- [INFORMATION]
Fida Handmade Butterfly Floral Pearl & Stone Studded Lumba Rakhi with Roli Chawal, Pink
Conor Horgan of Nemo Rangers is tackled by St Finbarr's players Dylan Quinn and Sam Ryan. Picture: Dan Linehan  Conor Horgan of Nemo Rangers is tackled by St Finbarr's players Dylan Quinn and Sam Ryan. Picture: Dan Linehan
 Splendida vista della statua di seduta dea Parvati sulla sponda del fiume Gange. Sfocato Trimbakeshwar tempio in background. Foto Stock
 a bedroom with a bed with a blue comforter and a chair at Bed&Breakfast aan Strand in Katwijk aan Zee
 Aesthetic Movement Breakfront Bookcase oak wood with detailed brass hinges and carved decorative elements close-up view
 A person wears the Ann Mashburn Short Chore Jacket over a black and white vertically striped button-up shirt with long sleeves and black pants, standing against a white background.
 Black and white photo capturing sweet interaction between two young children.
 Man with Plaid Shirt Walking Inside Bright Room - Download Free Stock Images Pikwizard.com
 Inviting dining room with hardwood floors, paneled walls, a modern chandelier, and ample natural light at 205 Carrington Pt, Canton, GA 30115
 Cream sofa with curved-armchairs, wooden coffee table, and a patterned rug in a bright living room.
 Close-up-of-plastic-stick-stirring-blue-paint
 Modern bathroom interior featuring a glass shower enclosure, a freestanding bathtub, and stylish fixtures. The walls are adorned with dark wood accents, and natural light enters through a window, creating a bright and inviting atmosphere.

- [REQUIREMENT] Search the data above for the string "with". Report every line where it is found.

- [SOLUTION TO THE PROBLEM]
Fida Handmade Butterfly Floral Pearl & Stone Studded Lumba Rakhi with Roli Chawal, Pink
 a bedroom with a bed with a blue comforter and a chair at Bed&Breakfast aan Strand in Katwijk aan Zee
 Aesthetic Movement Breakfront Bookcase oak wood with detailed brass hinges and carved decorative elements close-up view
 A person wears the Ann Mashburn Short Chore Jacket over a black and white vertically striped button-up shirt with long sleeves and black pants, standing against a white background.
 Man with Plaid Shirt Walking Inside Bright Room - Download Free Stock Images Pikwizard.com
 Inviting dining room with hardwood floors, paneled walls, a modern chandelier, and ample natural light at 205 Carrington Pt, Canton, GA 30115
 Cream sofa with curved-armchairs, wooden coffee table, and a patterned rug in a bright living room.
 Modern bathroom interior featuring a glass shower enclosure, a freestanding bathtub, and stylish fixtures. The walls are adorned with dark wood accents, and natural light enters through a window, creating a bright and inviting atmosphere.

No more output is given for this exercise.